The rise of remote work over the past few years has significantly changed the modern white-collar workplace. Many candidates now view remote work opportunities as a key part of a competitive job offer. Even employers who prefer an on-site workforce may feel compelled to explore remote work options to attract and retain talent.
Once employers make the initial leap into remote work, it may be tempting to broaden the hiring pool with out-of-state candidates, or to allow existing employees to work from any location they choose. However, employers should carefully assess the risks and obligations of becoming a “multistate” employer before making these decisions. Below, are a few of the key considerations.
Handbooks, Policies, and Agreements
A common misconception among employers is that California law provides more employee protections than any other state. Employers assume (incorrectly) that applying California-based policies and agreements to out-of-state remote workers will be sufficiently “generous” to comply with other states’ laws.
In fact, almost every state has unique employment-related restrictions or entitlements. For example, many employers are unaware that employment in Montana generally is not at-will (meaning, employers must have “good cause” to fire an employee). In New York, even exempt employees may be entitled to meal breaks. Tennessee provides for fully paid jury duty leave for most employees. Massachusetts prohibits many types of work on Sundays and holidays. There are dozens of paid family leave and sick leave laws across the country, and no two are exactly alike. California-based policies not only fail to address these variations, but also may directly conflict with them.
Employers also must consider how state law affects agreements with employees, such as trade secret, arbitration, and separation agreements, compensation plans, and more. It is not all bad news, though; depending on the state, employers may have additional options to protect their business. Many states permit reasonable non-compete and non-solicitation agreements, for instance. Of course, complex choice-of-law issues also mean that employers may have to litigate such agreements outside of California.
In short: employers should not treat out-of-state remote workers simply as an extension of their California workforce. Employers should consult with employment counsel in advance of approving out-of-state work to tailor their policies, handbooks, and agreements to applicable state and local laws.
As of 2023, California joins Colorado, New York City, Washington, and other local jurisdictions in requiring employers to provide a wage scale within job postings. Employers advertising for fully remote positions may therefore need to comply with multiple laws within the same posting. For example, the New York City wage transparency ordinance applies to any position advertised from any state that could be filled by a candidate who resides in New York City. Employers need to ensure they understand the intersection of all of these laws prior to posting remote jobs.
In California, Illinois, and several other states, employers must reimburse employees for certain business expenses.

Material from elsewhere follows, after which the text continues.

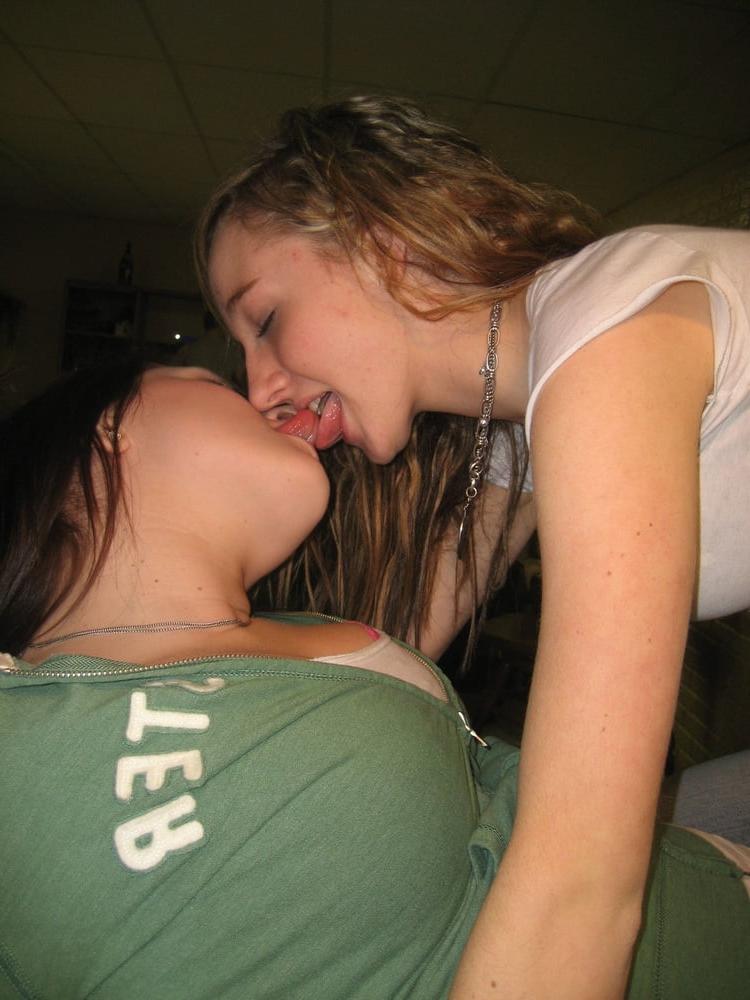 25P Nice 1528 (girls kissing)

However, these laws are not clear regarding when an employer must reimburse the costs of working remotely. Although employers generally need not reimburse expenses incurred solely for the employee’s own convenience (e.g., where the employee simply prefers the comforts of home), this analysis becomes trickier when an employee applies for a position that does not have an in-office option (e.g., where the employer purposely hired a remote employee outside of reasonable commuting distance).
Employers frequently do not consider the costs of requiring remote employees to travel to a physical worksite for trainings, meetings, or events. Depending on the circumstances, an employer may be required to compensate the employee for their time spent travelling as well as all travel expenses. Employees also may be entitled to California wage and hour protections while temporarily working in California, further complicating payroll. Employers should consult with counsel to ensure they fully understand the reimbursement obligations of out-of-state remote positions before committing to them. Notices, Postings, and Electronic Signatures
Every jurisdiction requires employers to provide certain notices and postings. Employers must therefore ensure they have processes in place to provide employees up-to-date documents in accordance with state and local law.

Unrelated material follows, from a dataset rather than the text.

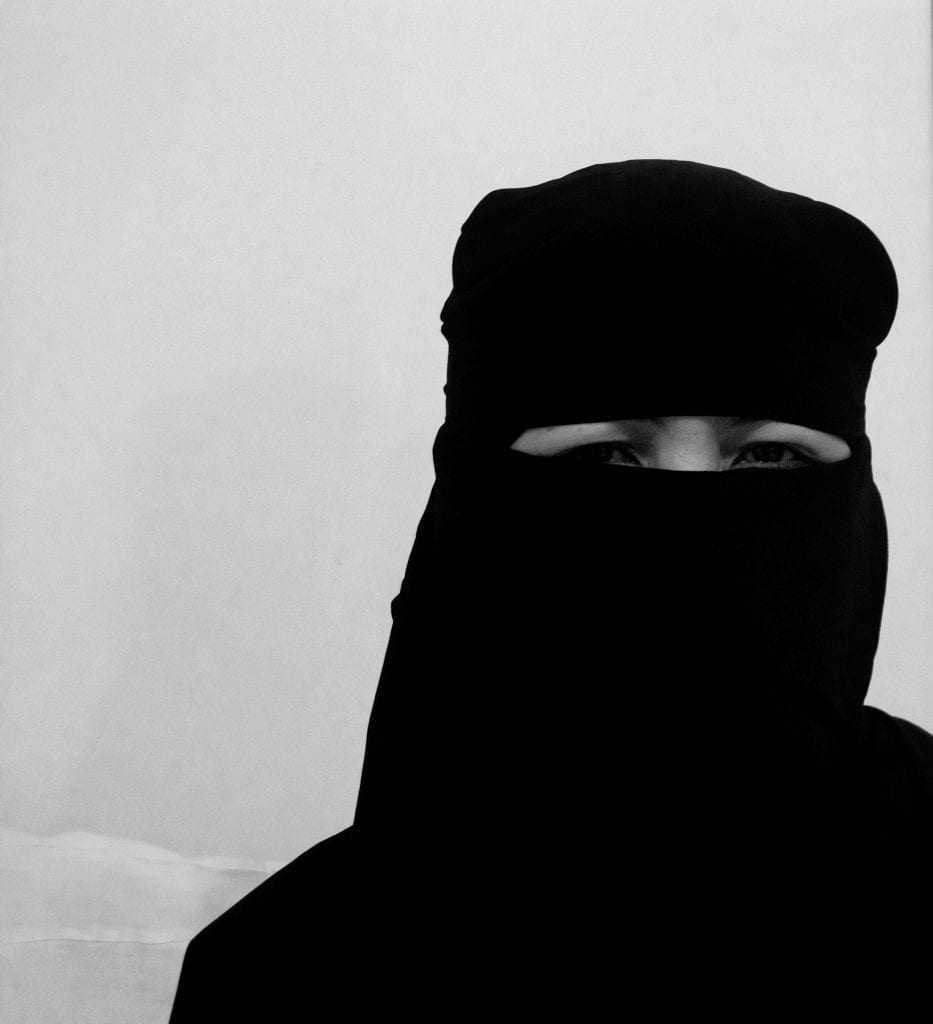 a picture of a Saudi woman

Although many employment documents may be provided to employees electronically, employers also should consider how they will collect acknowledgements and other signed documents from remote employees. Courts may not enforce electronic signatures on employee documents without clear evidence of the authenticity of the signature (i.e., that only the employee could have signed it). A basic form, spreadsheet, or agreement to sign documents electronically generally is insufficient.
Finally, there are certain situations in which electronic interactions will not suffice. I-9s, for example, must be signed in the physical presence of an authorized employer representative. Many state laws also require that final pay be in an employee’s hand at the time and place of separation. Employers must consider how they will meet these requirements with remote employees.

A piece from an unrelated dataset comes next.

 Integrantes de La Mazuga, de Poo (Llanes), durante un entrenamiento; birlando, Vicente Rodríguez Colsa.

The above considerations are only the tip of the iceberg. Employers must consider a number of complex issues relating to a multistate remote workforce, such as state and local tax implications, wage and hour laws, and workers’ compensation requirements. In addition to legal requirements, there are morale and employee relations issues, such as maintaining pay and benefits parity, and preserving company culture and engagement.
The bottom line: remote work is here to stay, and it may provide significant benefits to employers. However, understanding the legal implications of multistate employment is crucial to avoid pitfalls. Employers should consult with counsel prior to hiring out-of-state remote workers to ensure they understand the risks and benefits.